© Karsten Schwenzfeier
© Karsten Schwenzfeier

Fachzeitschrift "Theologie und Glaube"

Dekoratives Bildelement, das einen historischen Gelehrten und eine moderne Frau beim Lesen zeigt.

„Theologie und Glaube“ ist eine theologisch-wissenschaftliche Fachzeitschrift und erscheint viermal jährlich online und im Druck. Die Fachzeitschrift wurde 1909 von der Theologischen Fakultät Paderborn (damals unter dem Namen „Bischöfliche philosophisch-theologische Fakultät zu Paderborn“) begründet. Seit ihrer Gründung versteht sich die Zeitschrift als Plattform für den theologischen Diskurs in seiner gesamten Bandbreite. „Theologie und Glaube“ wird seit 2007 vom Aschendorff Verlag in Münster publiziert und vertrieben.

Veröffentlicht werden wissenschaftliche Beiträge und Rezensionen aus allen Disziplinen der Theologie sowie aus dem gesamten Spektrum der für die christliche Theologie relevanten Themenbereiche. Zur Qualitätssicherung werden sämtliche Beiträge einem Peer-review-Verfahren unterzogen. Es werden ausschließlich Erstpublikationen veröffentlicht. In der Regel erscheinen zwei Hefte eines Jahrgangs als Themenhefte, bei denen die Autorinnen und Autoren der einzelnen Artikel von der Schriftleitung gezielt angefragt werden.

Herausgeber von „Theologie und Glaube“ ist das Professorium der Theologischen Fakultät Paderborn. Aus diesem Herausgeberkreis wird jeweils für zwei Jahre eine Schriftleitung bestimmt.

Seit 2022 wird die Zeitschrift parallel zur Print-Ausgabe auch als Open-Access-PDF auf der Seite des Aschendorff Verlags veröffentlicht und ist dort allen Interessierten kostenfrei zugänglich.

Zur Seite des Verlags: Aschendorff Verlag

Aktuelles Heft

Theologie und Glaube

Jahrgang 116
Ausgabe 2/2026

Die zweite Ausgabe von „Theologie und Glaube“ des Jahres 2026 ist erschienen.
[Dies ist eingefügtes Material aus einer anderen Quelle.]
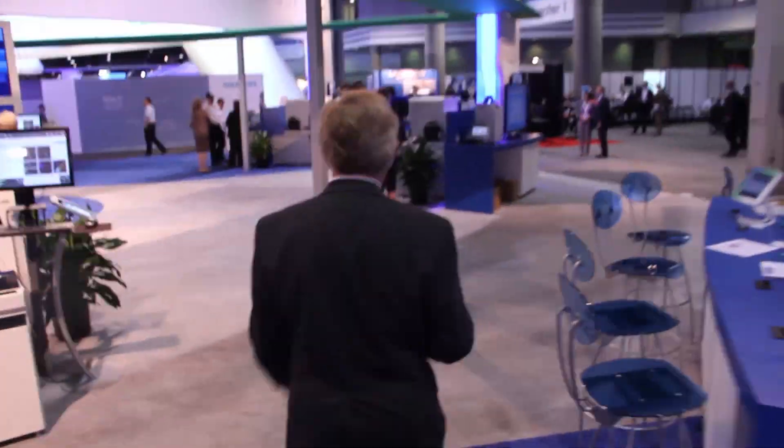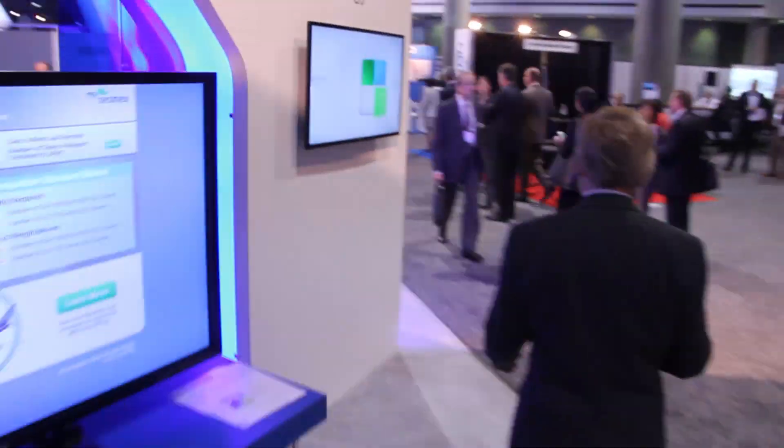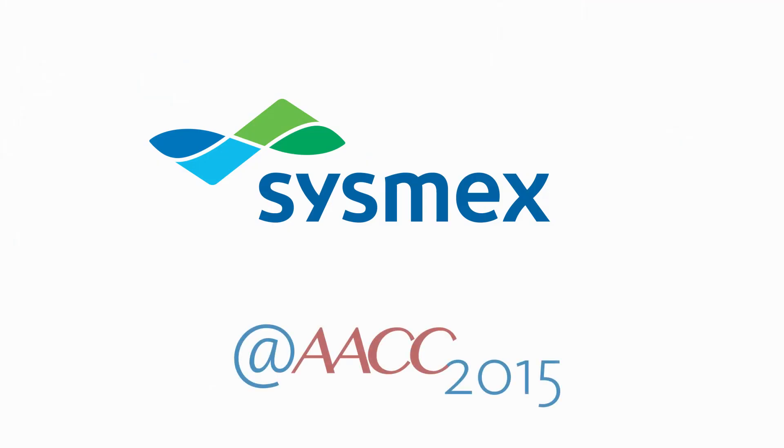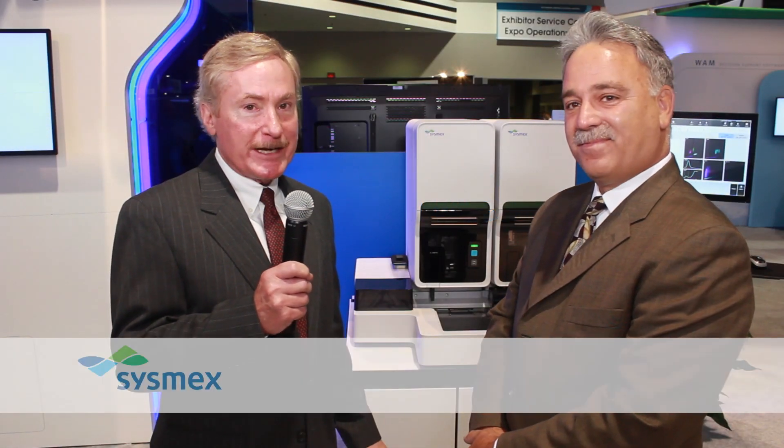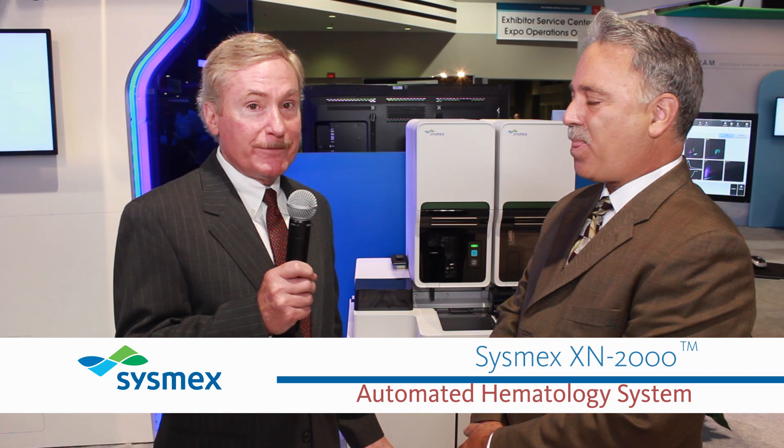I'm Steve. We're at AACC 2015. Let's do some interviews. We're here today with Mickey. Mickey's an H-SAM in Philadelphia and has over 25 years experience with the company. Mickey, what are we talking about today?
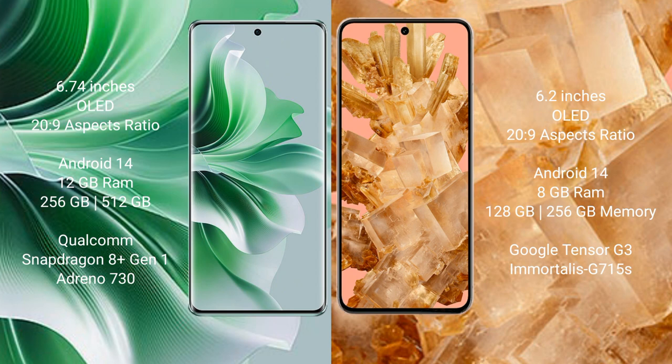Oppo Reno 11 Pro runs on the Android 14 operating system. Google Pixel 8 also runs on the Android 14 operating system. Oppo Reno 11 Pro comes with 12GB RAM and 256GB internal storage, Qualcomm Snapdragon 8 Gen 1 processor, and GPU Adreno 730.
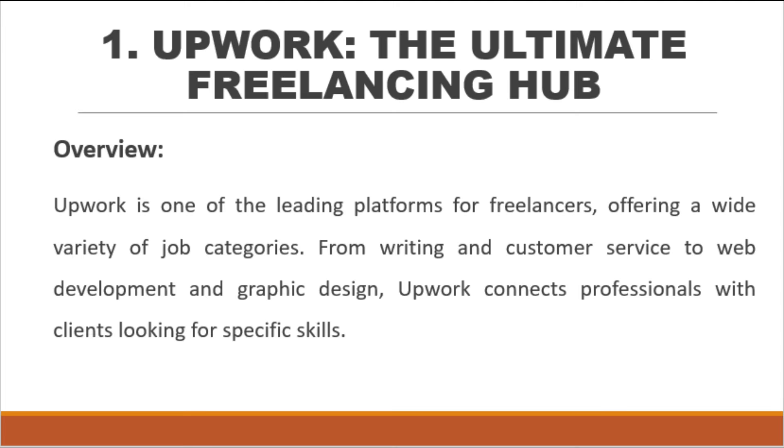Number 1: Upwork — the ultimate freelancing hub. Upwork is one of the leading platforms for freelancers, offering a wide variety of job categories. From writing and customer service to web development and graphic design, Upwork connects professionals with clients looking for specific skills.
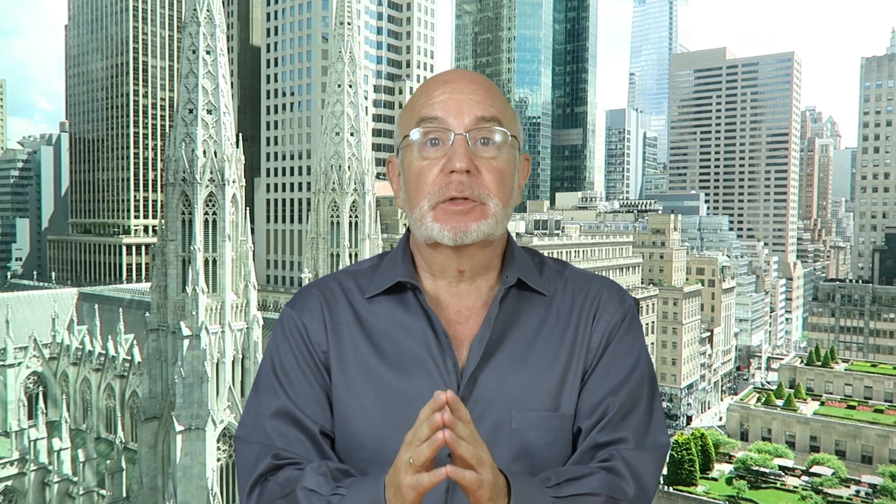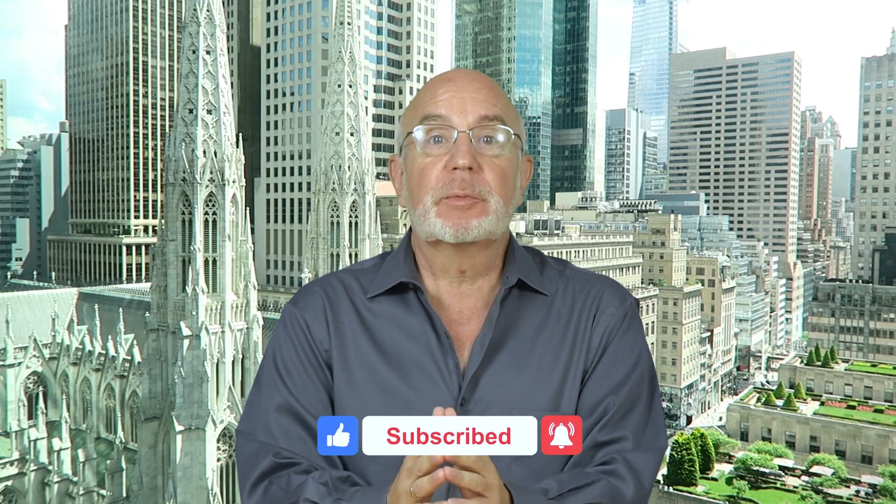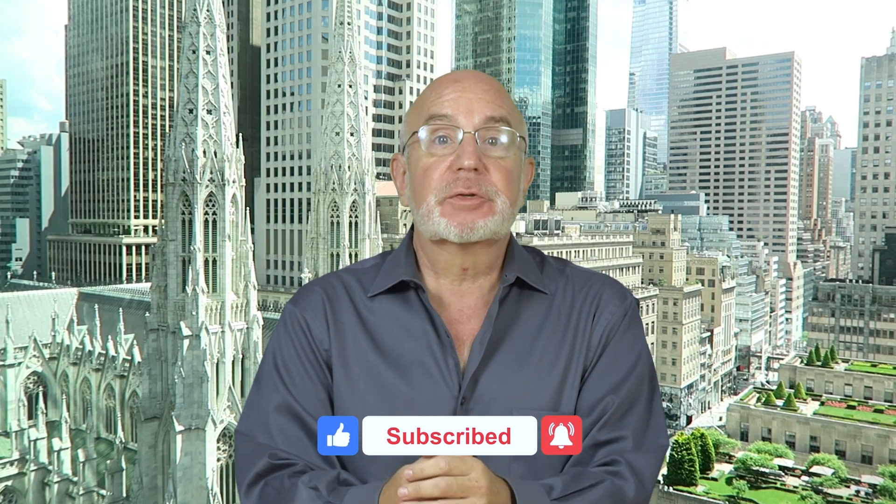I'm Seth Froiberg, head trader of SMB Capital's Options Trading Desk. SMB Capital is a proprietary trading firm located in Midtown Manhattan and we provide capital for options and equity traders from all over the world, trading both remotely and in our offices here in New York City. Click on our subscribe button right now so that you don't miss any of our free trading videos that we produce for traders and investors all over the world.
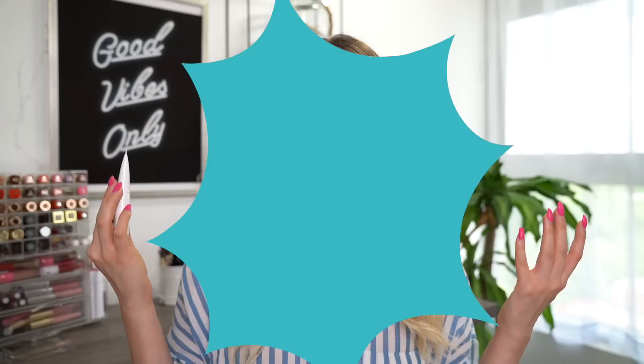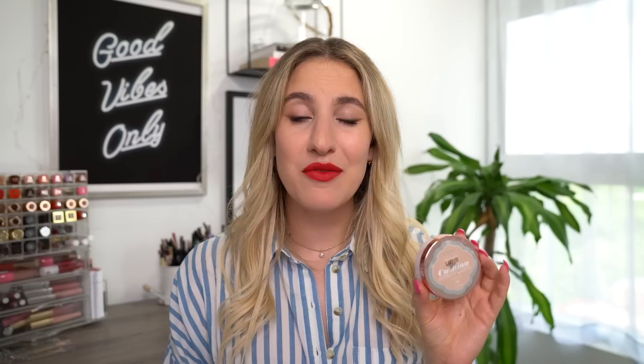Moving on to a cushion foundation — I absolutely love cushion foundations. I always go back to my L'Oréal True Match Lumi Cushion Foundation, which is definitely one of my favorites. I love this product because it gives me more of a medium coverage but doesn't feel heavy on my skin whatsoever. What I really love about this cushion foundation is how buildable it is — I can get anywhere from a light to almost a full coverage. Even though it's the Lumi formula, I don't find it overly dewy. If you have an oilier skin type, you can still wear this — maybe just powder where you get the most oily. It just gives my skin a really natural-looking finish, not too matte or too dewy.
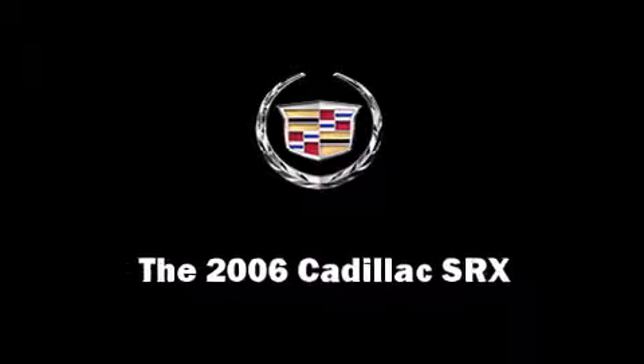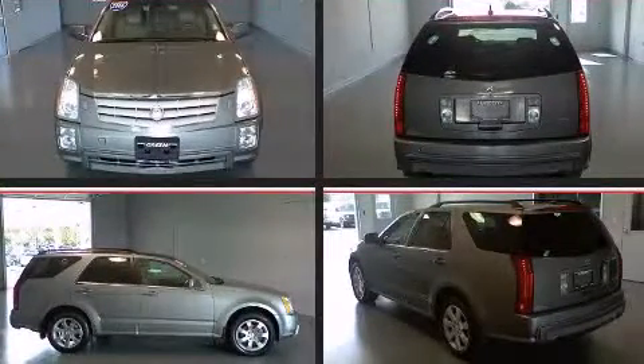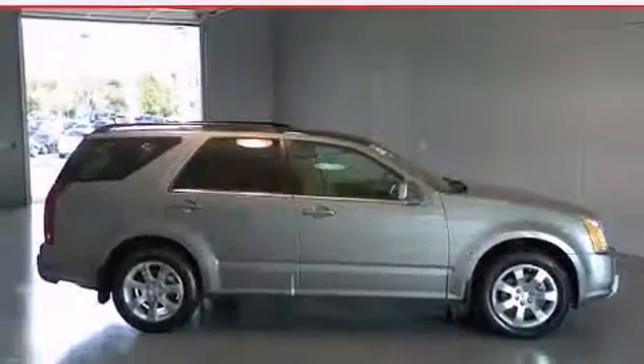Take command of the road in the 2006 Cadillac SRX. Under the hood, you'll find a six-cylinder engine with more than 250 horsepower, providing a smooth and predictable driving experience.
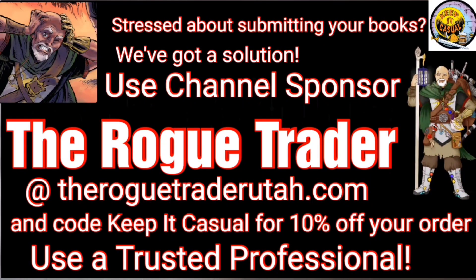Attention all — use channel sponsor Rogue Trader at RogueTraderUtah.com and my code 'Keep It Casual' for 10% off your comic cleaning and pressing needs. Remember: when submitting your books to be graded, he's a trusted professional.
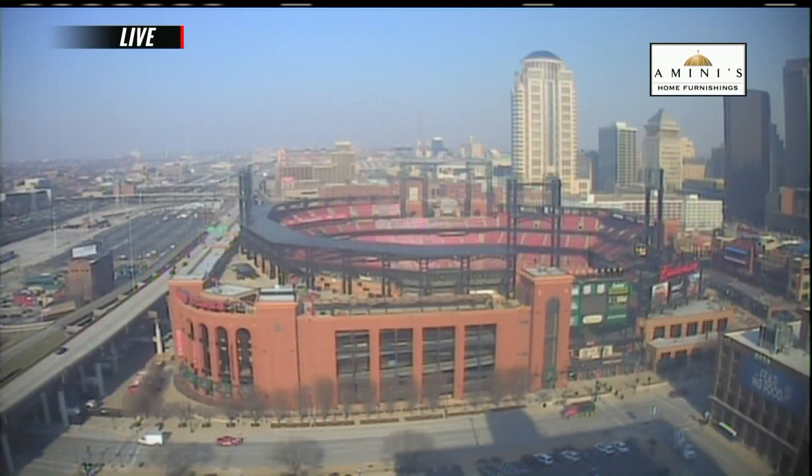Let's take a live look over Bush Stadium. Cardinal Nation will turn green this weekend as the St. Patrick's Day Run steps off at Walnut and Broadway near Ballpark Village. That'll be Saturday morning. There is still time to register at stpatsrun.com.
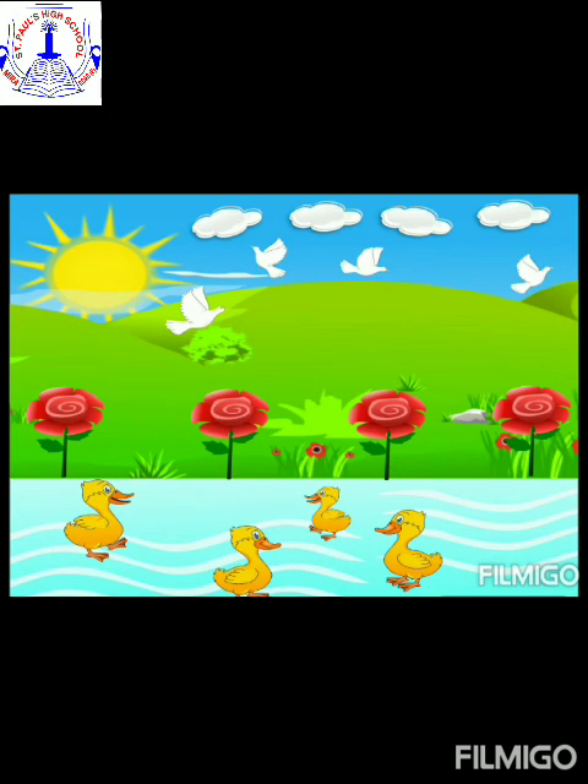Look, we have made such a beautiful picture! So children, did you all enjoy learning number four today? I hope you all have enjoyed learning number four. So children, you all have to practice this number four at your home. I will meet you all soon in our next video. Till that, stay in, stay safe. Bye bye!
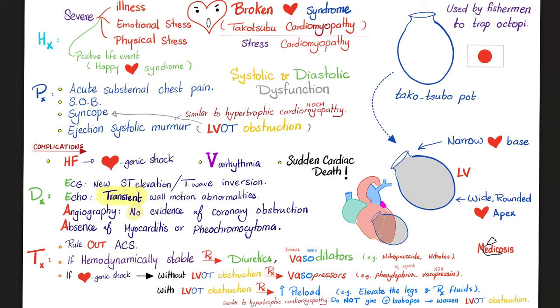Complications of broken heart syndrome: the severe left ventricular outflow tract obstruction can lead to cardiogenic shock. The definition of shock is inadequate tissue perfusion — this poor heart cannot supply oxygenated blood to the rest of the body. The left ventricle is broken. Ventricular arrhythmia can also occur, and the symptoms can be so severe that they lead to sudden cardiac death.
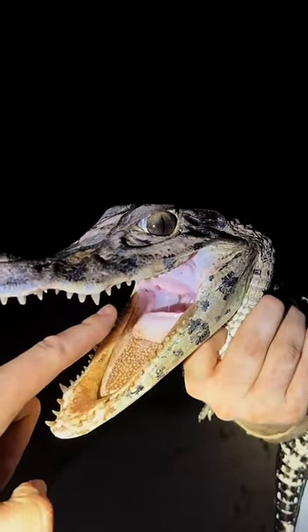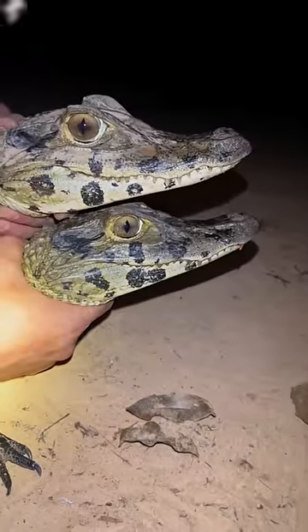Hey guys, I'm in the Amazon rainforest and I'm going to tickle a swamp puppy's tongue. Just kidding. Check out these two BBCs — that means baby black caiman.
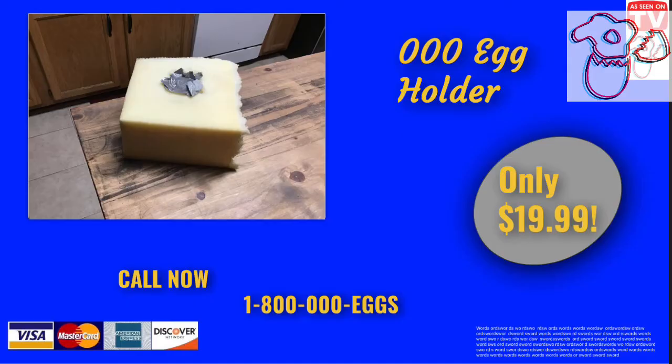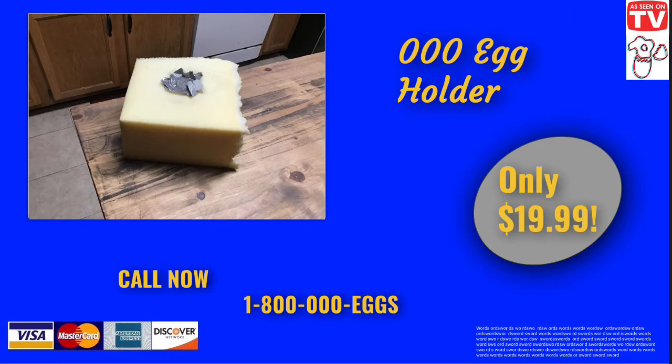Low, low price of $19.99. You too can get one today. Find it at your local As Seen On TV store or call 1-800-000-Eggs. I repeat, 1-800-000-Eggs.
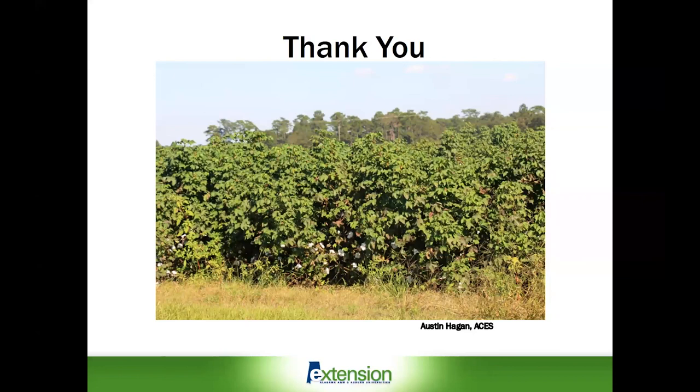That covers the topics with respect to cotton blue disease. There's a fairly extensive program ongoing in Mississippi, Georgia, and Alabama to try and address the distribution and control of this disease. Hopefully we'll have some information in the fall, at least with respect to the resistance of some of the varieties we have out there, as well as some input on the impact of this disease on cotton yield.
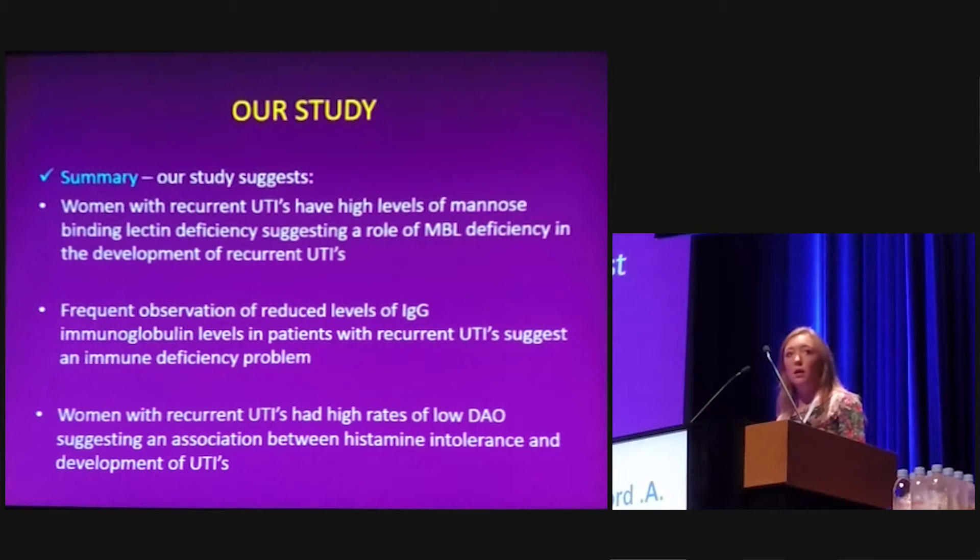In summary, our study shows that women with recurrent UTIs have a higher level of mannose-binding lectin deficiency, suggesting a role for MBL deficiency in the development of UTIs. We frequently observed lower levels of IgG immunoglobulins, supporting an immune theory. We also found that women with recurrent UTIs had higher rates of low diamine oxidase, showing an association between histamine intolerance and the development of urinary tract infections.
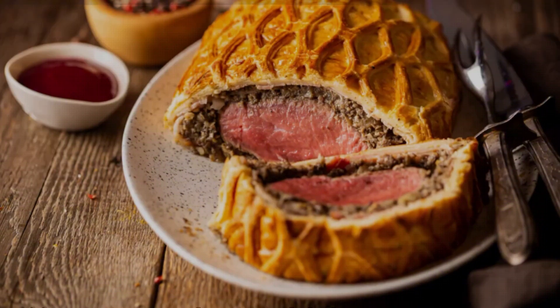If you enjoyed this trip down memory lane, don't forget to give this video a thumbs up and share it with your friends and family. We'd love to hear your thoughts and any forgotten food traditions you remember, so leave a comment below.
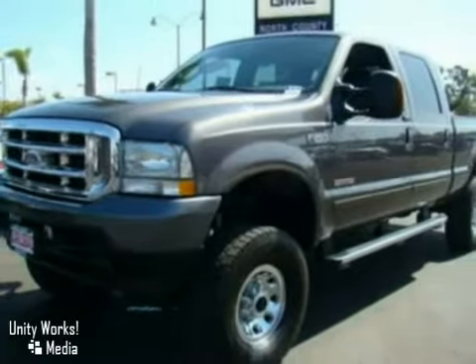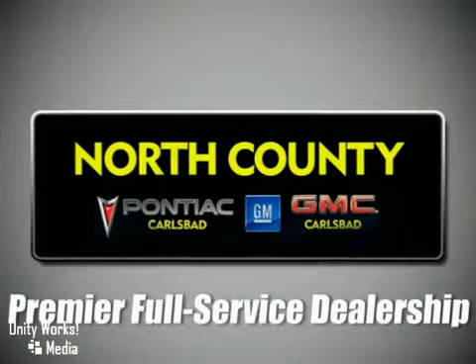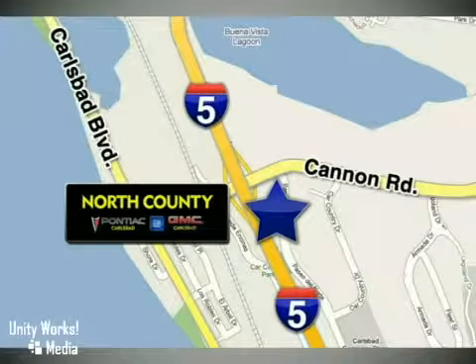Come on out, take it for a test drive. North County GMC Pontiac is a premier full-service dealership. We are conveniently located at 5445 Paseo Del Norte in Carlsbad, California.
Es beschäftigt sich mit den Themen Emotionen und Erkenntnis aus philosophischer Sicht. Welche Rolle spielen Emotionen in Erkenntnisprozessen?

Beiträge stammen von Prof. Dr. Dr. Andreas Koritensky (Paderborn), assoz. Prof. Dr. Bruno Niederbacher SJ (Innsbruck),  Mag. theol. Alexander Kaiser (Paderborn), Prof. Dr. Józef Bremer SJ (Krakau) sowie Dr. Federica Isabella Malfatti (Innsbruck).
Rezensionen stammen dieses Mal von Mag. theol. Theresa Oesselke (zu Barbara Haslbeck: „Sexueller Missbrauch an Ordensfrauen im deutschsprachigen Raum“) und Prof. em. Dr. Bernhard Sill (zu Hermann Wohlgschaft: „Das Scheitern“).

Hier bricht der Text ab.